Und so sollte es eigentlich bleiben. Bis Giles eines Tages sein einziges Vergnügen zum Verhängnis wird. Zu gern hätte er sich einen Pornofilm angeschaut, statt dessen landet er in dem amerikanischen Teeniestreifen "Hot Pants College II". Schon möchte er genervt das Kino verlassen, aber da kommt die entscheidende Szene dazwischen: Der in einer Pizzeria schuftende Held wird von einer Jugendgang verhöhnt, man legt ihn auf den Tresen und spritzt Ketchup über seinen Körper. Giles hat seinen Filmriß: Liegt der junge Typ nicht da wie der Dichter Chatterton auf seinem Lager in der Galerie drüben, in Öl gemalt?

Giles fühlt sich genötigt, genauer hinzusehen. Und kann sich vom Anblick des Trash-Darstellers Ronnie Bostock (Jason Priestley) nicht mehr lösen. Von den verträumten Augen, dem verlorenen Blick. Giles rennt verwirrt aus dem Kino und begibt sich fortan auf die Suche nach der richtigen Literatur: Bravo Girl und Mädchen (engl. Version) durchforstet er nach dem begehrten Ronnie-Stoff.

Ronnie lebt auf Long Island und das mit Freundin und Hund (in der Reihenfolge). Giles legt eine Akte ("Bostockiana") an, sammelt alles über Ronnie. Und wenn er die einschlägigen Magazine kauft, wickelt er sie in die Financial Times.
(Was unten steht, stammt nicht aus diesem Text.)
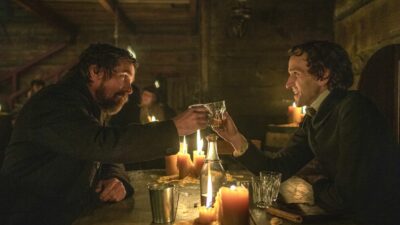 The Pale Blue Eye : Christian Bale et Harry Melling se dévoilent dans le teaser du film Netflix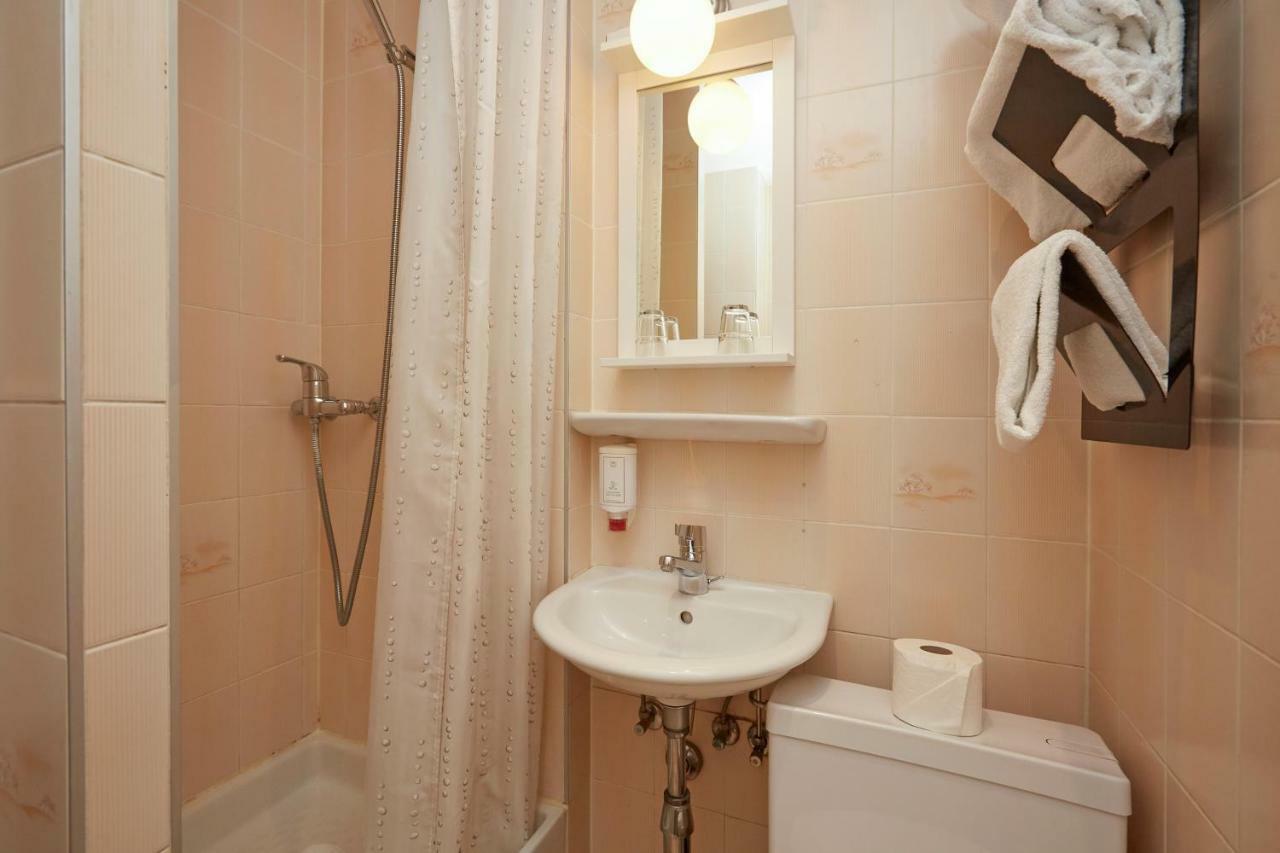 Hotel Central Geneve Rum bild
Auch nach Bostocks Filmen ist er natürlich wild, er checkt in einer Videothek ein, weiß gar nicht, wie man Videos abspielt, läßt sich einen sündhaft teuren Recorder aufschwatzen, merkt aber erst zu Hause, daß man auch einen Fernseher braucht, um Videos anzusehen.

Dann aber geht es los: Er schwelgt in den Filmen Ronnie Bostocks, die bemerkenswerte Szenen enthalten (wenn keine Möpse im Bild sind, läßt Bostock seine Highschool-Feinde im Misthaufen versinken). Auch die Zuschauer schwelgen in den Filmen Ronnie Bostocks. Denn Giles' neues Fernsehgerät ist leinwandgroß. Seine Hausdame braucht er fortan nicht mehr ("Je mehr Staub man wischt, desto mehr Staub gibt es"). Und gibt sich dem schönen Vergnügen hin, den oberflächlichen Filmen, die ihm und uns so viel Spaß bereiten, weil sie so lustig sind und blödestes Popcorn-Kino. Wer also von sich aus nicht in "Hot Pants College II" gehen will, der ist mit "Love and Death on Long Island" auch ganz gut bedient.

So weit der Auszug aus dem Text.